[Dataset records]
---------------
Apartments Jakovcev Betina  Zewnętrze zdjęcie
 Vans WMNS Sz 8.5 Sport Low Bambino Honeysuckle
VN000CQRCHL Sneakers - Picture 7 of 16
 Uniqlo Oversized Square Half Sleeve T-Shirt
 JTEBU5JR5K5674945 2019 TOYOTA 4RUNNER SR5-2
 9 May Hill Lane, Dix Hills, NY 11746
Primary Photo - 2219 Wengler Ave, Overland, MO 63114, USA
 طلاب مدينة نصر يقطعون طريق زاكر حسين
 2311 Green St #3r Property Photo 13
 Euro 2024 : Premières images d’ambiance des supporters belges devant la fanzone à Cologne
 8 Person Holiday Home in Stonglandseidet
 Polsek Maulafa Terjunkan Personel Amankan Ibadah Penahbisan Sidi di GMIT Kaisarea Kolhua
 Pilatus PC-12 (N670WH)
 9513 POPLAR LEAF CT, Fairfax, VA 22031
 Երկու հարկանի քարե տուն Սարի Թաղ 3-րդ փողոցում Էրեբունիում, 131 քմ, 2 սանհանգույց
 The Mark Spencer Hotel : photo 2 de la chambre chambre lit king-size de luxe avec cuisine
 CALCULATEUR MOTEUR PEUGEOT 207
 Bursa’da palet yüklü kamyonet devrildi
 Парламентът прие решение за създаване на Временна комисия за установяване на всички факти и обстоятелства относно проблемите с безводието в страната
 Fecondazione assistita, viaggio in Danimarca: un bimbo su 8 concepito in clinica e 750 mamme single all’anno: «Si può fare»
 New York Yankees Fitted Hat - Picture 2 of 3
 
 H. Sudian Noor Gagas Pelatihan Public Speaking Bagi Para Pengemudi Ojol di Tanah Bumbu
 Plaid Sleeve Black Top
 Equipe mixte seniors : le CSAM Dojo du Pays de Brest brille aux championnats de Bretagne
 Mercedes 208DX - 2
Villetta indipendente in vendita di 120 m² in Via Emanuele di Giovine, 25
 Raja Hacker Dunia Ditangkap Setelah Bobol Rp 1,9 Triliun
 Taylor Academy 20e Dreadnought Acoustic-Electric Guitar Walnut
---------------
| Description of the task |
All of the entries should be repeated word for word.

| Written solution |
Apartments Jakovcev Betina  Zewnętrze zdjęcie
 Vans WMNS Sz 8.5 Sport Low Bambino Honeysuckle
VN000CQRCHL Sneakers - Picture 7 of 16
 Uniqlo Oversized Square Half Sleeve T-Shirt
 JTEBU5JR5K5674945 2019 TOYOTA 4RUNNER SR5-2
 9 May Hill Lane, Dix Hills, NY 11746
Primary Photo - 2219 Wengler Ave, Overland, MO 63114, USA
 طلاب مدينة نصر يقطعون طريق زاكر حسين
 2311 Green St #3r Property Photo 13
 Euro 2024 : Premières images d’ambiance des supporters belges devant la fanzone à Cologne
 8 Person Holiday Home in Stonglandseidet
 Polsek Maulafa Terjunkan Personel Amankan Ibadah Penahbisan Sidi di GMIT Kaisarea Kolhua
 Pilatus PC-12 (N670WH)
 9513 POPLAR LEAF CT, Fairfax, VA 22031
 Երկու հարկանի քարե տուն Սարի Թաղ 3-րդ փողոցում Էրեբունիում, 131 քմ, 2 սանհանգույց
 The Mark Spencer Hotel : photo 2 de la chambre chambre lit king-size de luxe avec cuisine
 CALCULATEUR MOTEUR PEUGEOT 207
 Bursa’da palet yüklü kamyonet devrildi
 Парламентът прие решение за създаване на Временна комисия за установяване на всички факти и обстоятелства относно проблемите с безводието в страната
 Fecondazione assistita, viaggio in Danimarca: un bimbo su 8 concepito in clinica e 750 mamme single all’anno: «Si può fare»
 New York Yankees Fitted Hat - Picture 2 of 3
 
 H. Sudian Noor Gagas Pelatihan Public Speaking Bagi Para Pengemudi Ojol di Tanah Bumbu
 Plaid Sleeve Black Top
 Equipe mixte seniors : le CSAM Dojo du Pays de Brest brille aux championnats de Bretagne
 Mercedes 208DX - 2
Villetta indipendente in vendita di 120 m² in Via Emanuele di Giovine, 25
 Raja Hacker Dunia Ditangkap Setelah Bobol Rp 1,9 Triliun
 Taylor Academy 20e Dreadnought Acoustic-Electric Guitar Walnut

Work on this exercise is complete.